The Cherry Street, Bank Street, City Hall Park, and Great Streets BTV projects should be building the machinery of community engagement and empowerment through the amenities that are chosen for them. Uncurated public bulletin boards are a simple, practical, essential representation of our commitment to inclusion, equity, civic engagement, and cooperative advancement of our economic success. Thousands of artists are served continuously by uncurated public bulletin boards, and in turn their presence enlivens and enriches the city for the social and economic benefit of all.

New design concept for Bank Street

Image: New concepts for Bank and Cherry Streets include public bulletin boards.

For more than ten years, this is the message that residents, artists and community organizations brought to mayors, city councilors, city department heads, and the urban designers the city contracted to fulfill its vision of progress. The conversations were uneven, with resistance coming from where it was least expected (our city arts office) and gated or impractical designs were proposed as replacements for familiar bulletin boards. One urban design firm’s proposal included glass bulletin boards that event posters would be taped-to from behind on a formal grid — a diametric cultural opposite to how bulletin boards are traditionally and energetically used. Support for uncurated public bulletin boards slowly built as leaders recognized the practical economic and political value of such simple and egalitarian resources.

Manhattan Pizza

Photo: A three-way bulletin board was removed from Main Street when the sidewalk was reconstructed.

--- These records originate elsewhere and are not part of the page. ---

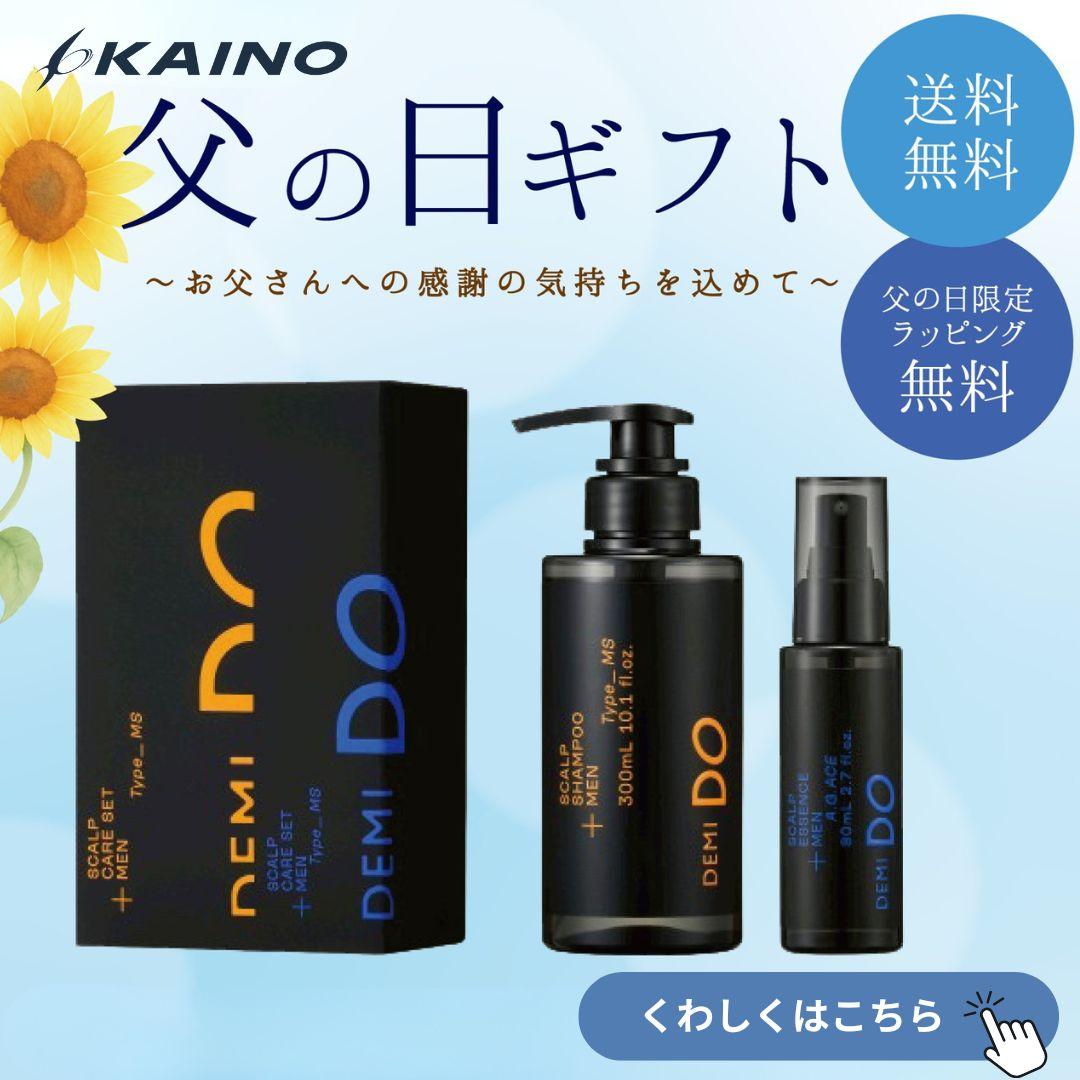 トータルビューティーサロン KAINO-カイノ
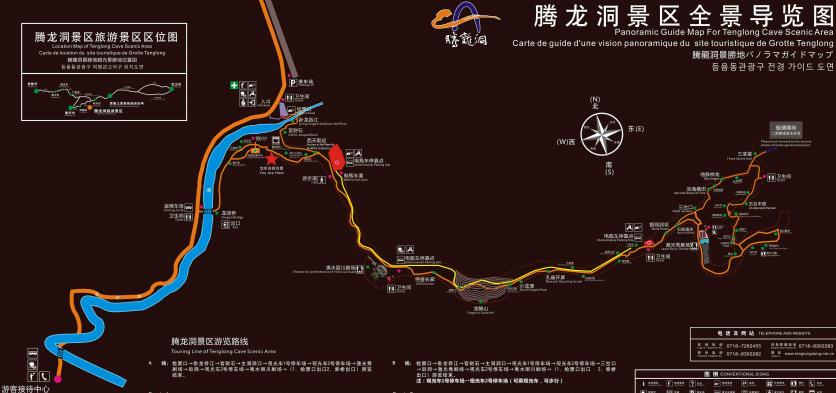 2024腾龙洞游玩攻略-门票价格-景点信息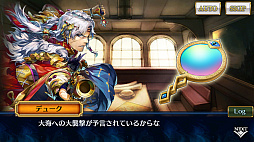 画像ギャラリー No.005のサムネイル画像 / 「チェンクロ」,メインストーリー「フィーナと緋の年代記 中篇」を追加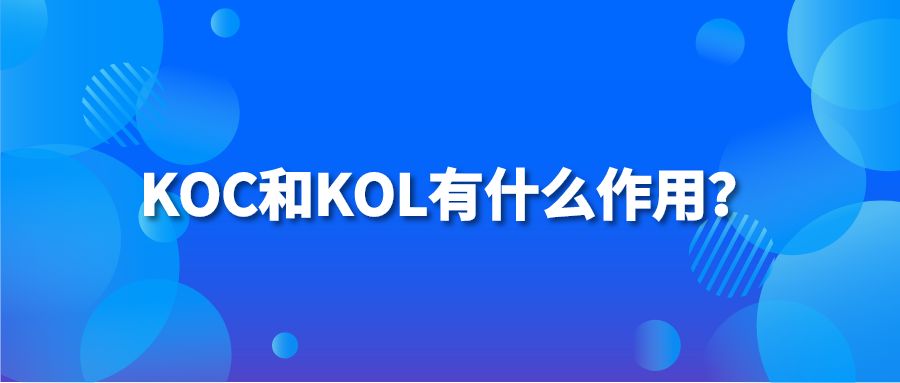 KOC和KOL有什么作用？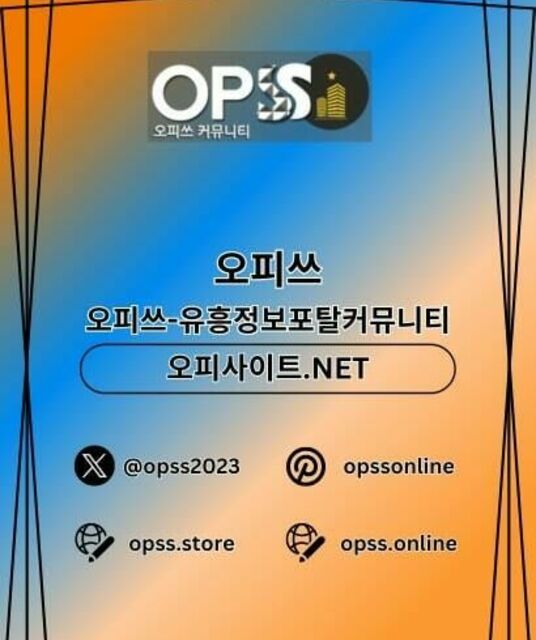 avatar 울산오피 출장안마사이트.COM 울산OP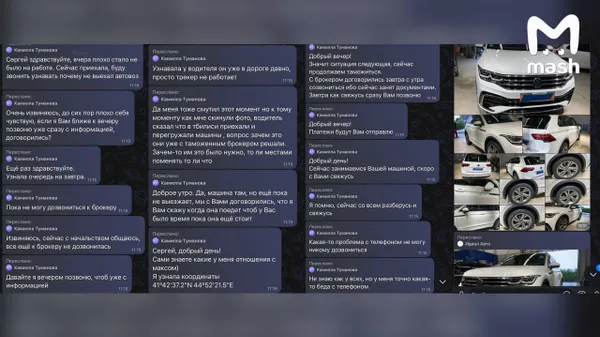 Автотемщики кинули минимум 10 москвичей на иномарки из Европы
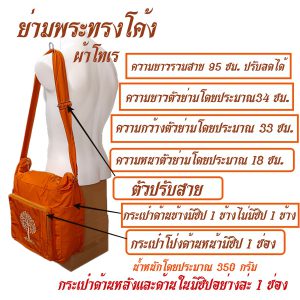 ย่าม โทเร ทรงโค้ง ปักษ์ลาย ย่ามพระ ย่ามผ้า กระเป๋า สะพาย ปรับสายได้ พระ เณร สังฆภัณฑ์ (ร้านโชคดี โปรดักส์) - Image 6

The redesign was intended to preserve the bulletin board, but its metal was rotten at ground level and the city did not replace it. The photo shows the empty brick plaza that remains.

The city lost many public bulletin boards over the years. Some were removed during a construction project at the corner of Main Street and Church Street. Two were removed to be replaced by public art — the Millennium Sculpture in City Hall Park; and some marketplace kiosks were hit by trucks and never replaced. Unmediated public bulletin boards have a limitless value to our arts community, but the city’s stewardship of the ones we have has been undutiful. It’s a pleasure to report that this course is changing: New public bulletin boards — accessible to all — are proposed for City Hall Park, Bank Street, and Cherry Street, and are included now in the city’s Great Streets BTV standardized inventory of amenities.

Great Streets BTV Bulletin Board

Image: New standard bulletin boards are proposed for the Great Streets BTV ‘Materials & Furnishings Palette.’

When these bulletin boards are built, I’ll stand to applaud the city staff that listened and heard and responded so appropriately. The outcome of their work will be a contribution to the vitality of the city — authentically. That’s our expectation of city government — to bring us together with every concept and tool available, to build a stronger community and civilization. It’s fun to report that bulletin boards — the colorful beacons of our willingness to share with one another — will be a cornerstone of the next era of downtown design.